De niño pasaba horas leyendo libros sobre la Segunda Guerra Mundial. Batallas, aviones, estrategias. No sabía entonces que, detrás de esas historias de fuego, algo en mí ya estaba aprendiendo a leer el cielo. Me fascinaba el poder del aire, la precisión de los pilotos, la idea de que el rumbo dependía de una sola decisión. Sin entenderlo, ya había algo de mi propio padre en esa fascinación: el vuelo, el riesgo, el impulso.

Años después, la vida me trajo a vivir a un edificio llamado Normandie. Y cada vez que entro, sonrío por dentro: el niño que leía sobre la guerra vive ahora en un lugar que lleva el nombre del día en que la guerra empezó a terminar. Del desembarco al descanso.
Las columnas de mi casa, así como algunas de mis lecturas favoritas, me recuerdan a Roma, a la solidez, al arte de sostener el peso con belleza. Entre las plantas, las guitarras y la luz del mediodía, algo en mí encuentra su propio orden.

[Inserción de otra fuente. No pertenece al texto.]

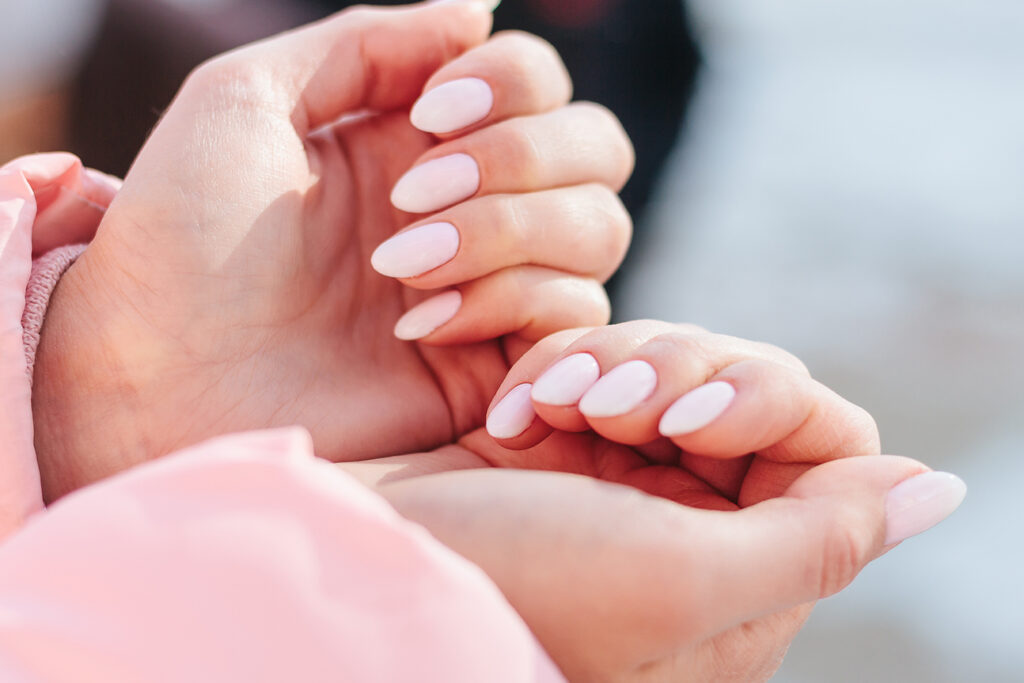 Uñas rosa pastel, tendencia esta primavera 2025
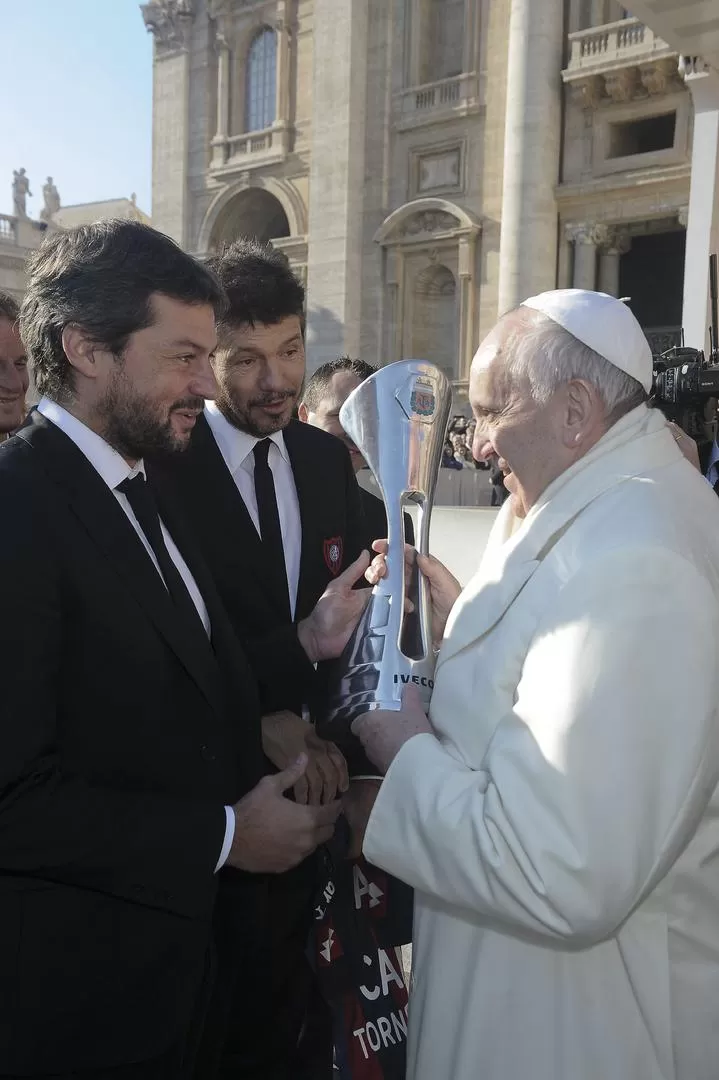 CON LA COPA DEL CAMPEÓN. Lammens y Tinelli le obsequiaron el trofeo que ganaron al Papa Francisco, quien les agradeció. 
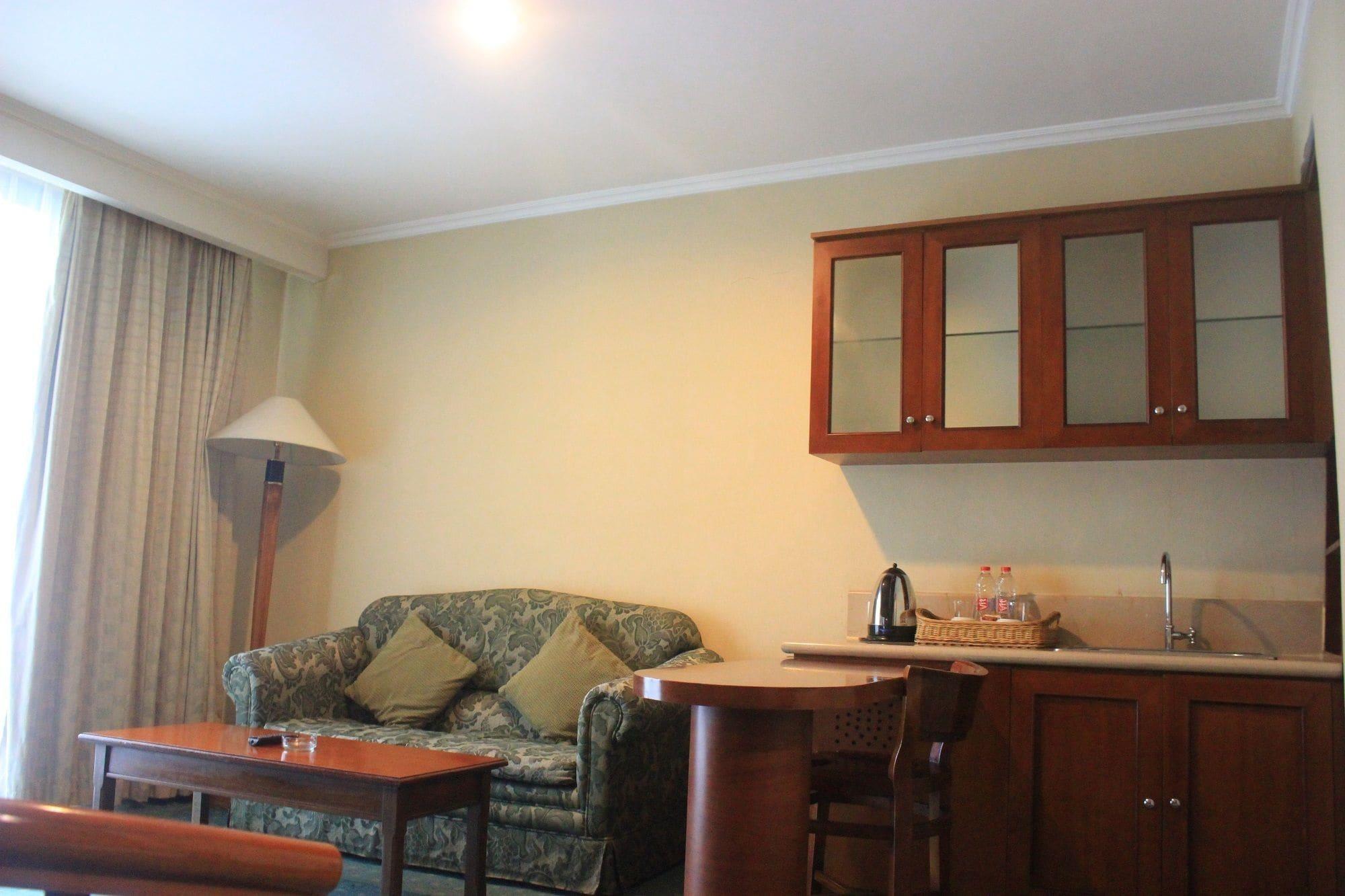 מלון סמאראנג Grand Arkenso Park View מראה חיצוני תמונה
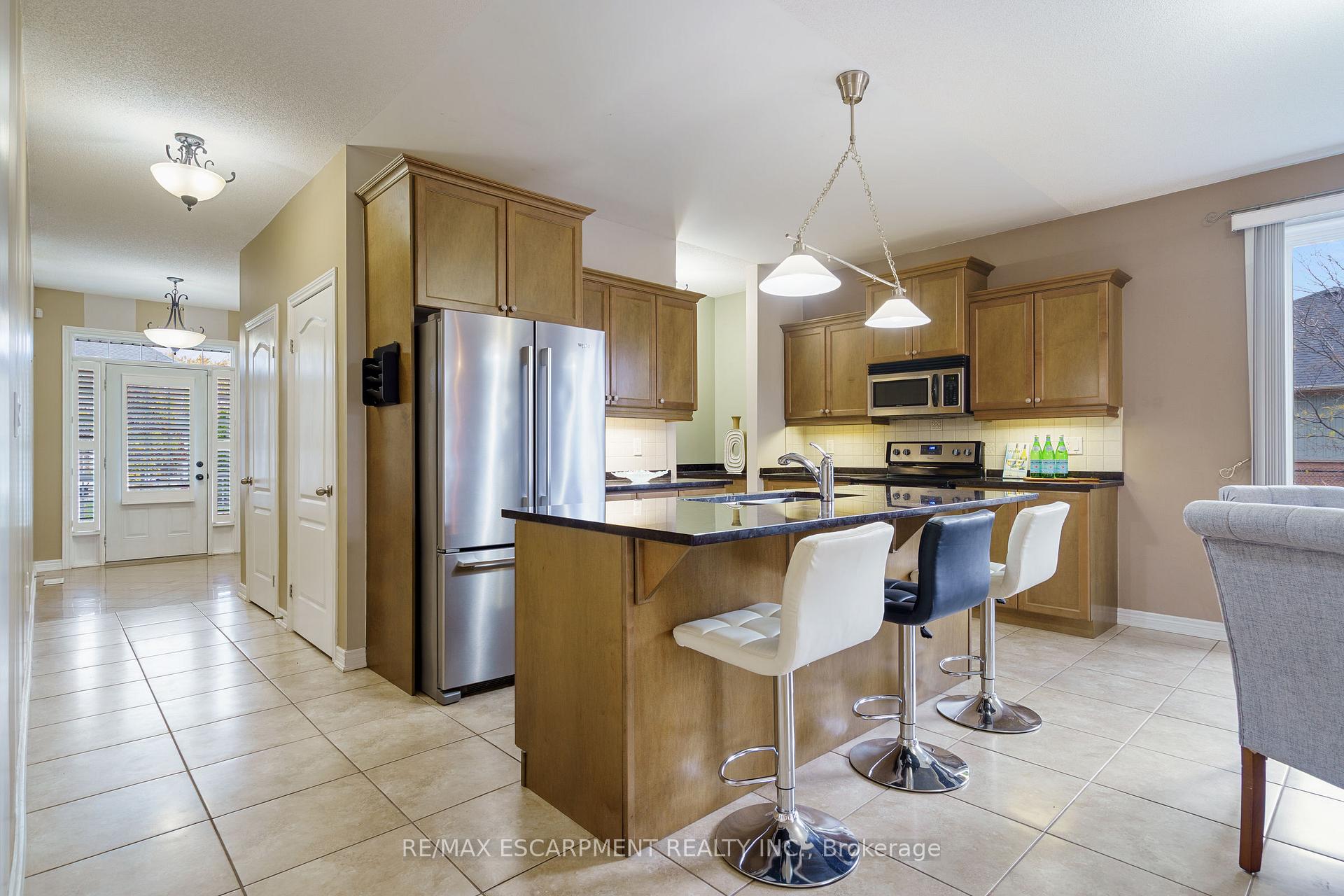Photo 13 of 25 Sidare Court, Grimsby, Grimsby Beach — HOMEH
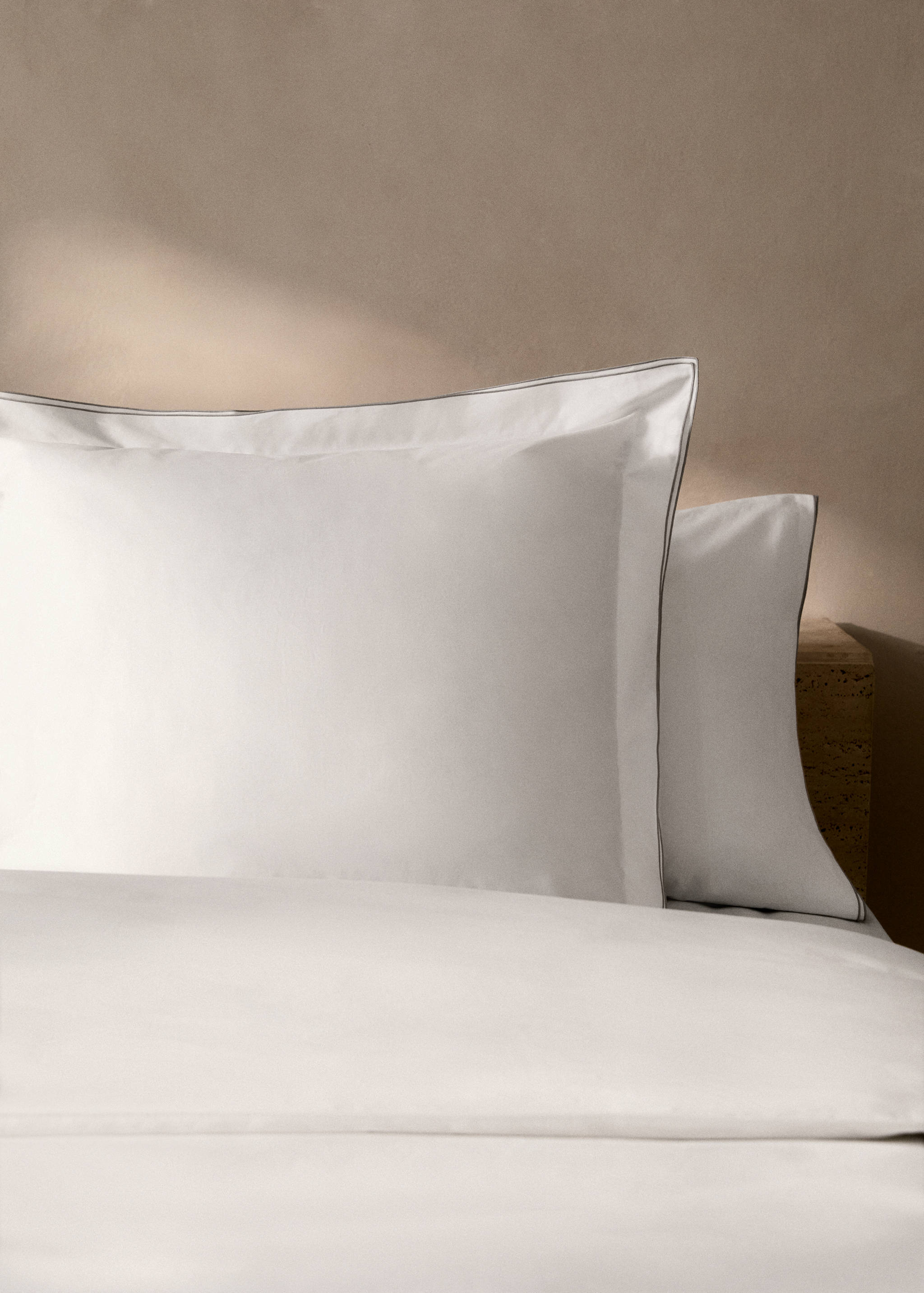 Cotton percale duvet cover with overlock for 150/160 cm bed - Details of the article 7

Ya no necesito ganar altura ni planear estrategias. Necesito habitar la calma. El aire sigue siendo mi elemento, pero ahora vuela desde otro lugar: ya no desde la fuerza, sino desde la confianza.
Donde antes hubo combate, hoy hay hogar.
A veces el vuelo madura en la calma.
De la guerra a Roma hay un mismo aprendizaje:
aprender a sostener la fuerza con suavidad,
a convertir la estrategia en estructura,
y el impulso en forma.
Lo que antes fue cielo y combate, hoy es tierra y hogar.
Este texto dialoga con “Never Surrender”, escrito en 2021.
Si entonces hablaba de resistir, hoy hablo de rendirme sin perderme.
De pasar del combate al hogar, del impulso al reposo, del cielo abierto al refugio interno.